Netball at the 2022 Commonwealth Games was the seventh appearance of Netball at the Commonwealth Games. The sport was one of the 21 sports contested at the 2022 Commonwealth Games, held in Birmingham, England. This was the seventh edition since its inclusion in 1998, and the second staging within England specifically.

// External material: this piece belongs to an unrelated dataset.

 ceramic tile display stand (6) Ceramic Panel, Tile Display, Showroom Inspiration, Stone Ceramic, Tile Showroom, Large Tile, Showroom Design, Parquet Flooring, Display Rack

The tournament took place between 29 July and 7 August 2022. Australia won the gold medal, defeating Jamaica in the final. New Zealand won the bronze medal.

==Schedule==
The competition schedule for the netball tournament was as follows:

| G | Group stage | CM | Classification matches | ½ | Semi-finals | B | Bronze medal match | F | Gold medal match |

Date Event: Fri 29; Sat 30; Sun 31; Mon 1; Tue 2; Wed 3; Thu 4; Fri 5; Sat 6; Sun 7
Session →: A; E; A; E; A; E; A; E; A; E; A; E; M; A; E; M; A; M; A; A; E
Women: G; G; G; G; G; G; G; CM; ½; B; F

Detailed fixtures were first released on 12 November 2021, then updated with the full complement of qualified teams on 4 March 2022.

==Venue==
The tournament was originally set to be held in Coventry Arena. However, the sport's heightened profile in light of England winning the 2018 tournament led to the National Exhibition Centre being chosen instead.

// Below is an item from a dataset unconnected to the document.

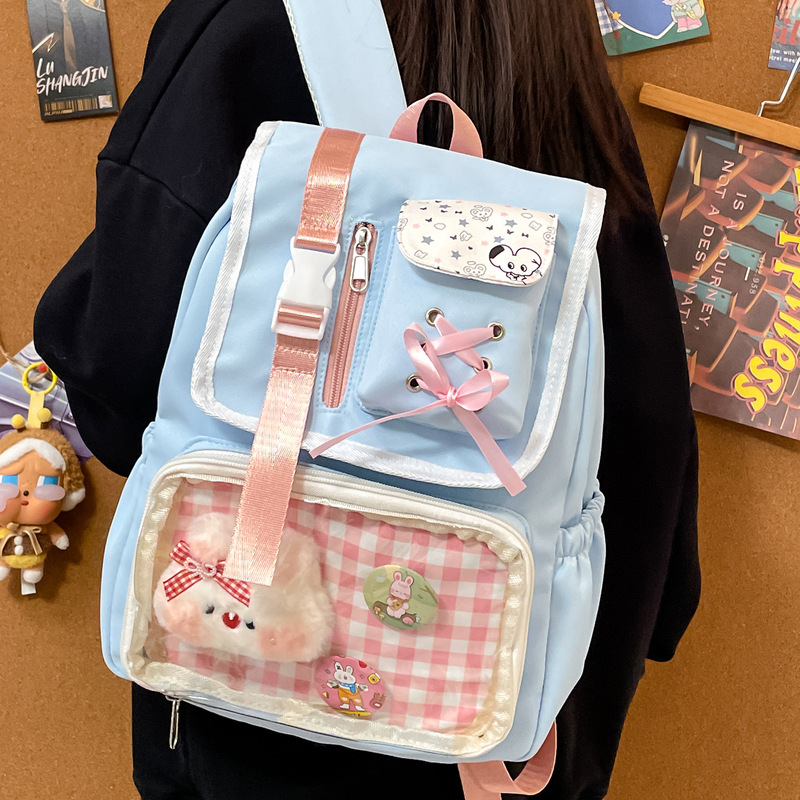 日系二次元甜美少女风学生背包ins可爱轻便双肩包高颜值学生书包|undefined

Five other sports - badminton, boxing, para powerlifting, table tennis, and weightlifting - will also take place in the venue.

==Qualification==
Twelve nations from at least four CGF regions qualify for the netball tournament at the 2022 Commonwealth Games:
- The host nation.
- The top five nations in the World Netball Rankings as of 28 July 2021, excluding the host nation.
- The top six nations as of 31 January 2022, excluding nations already qualified.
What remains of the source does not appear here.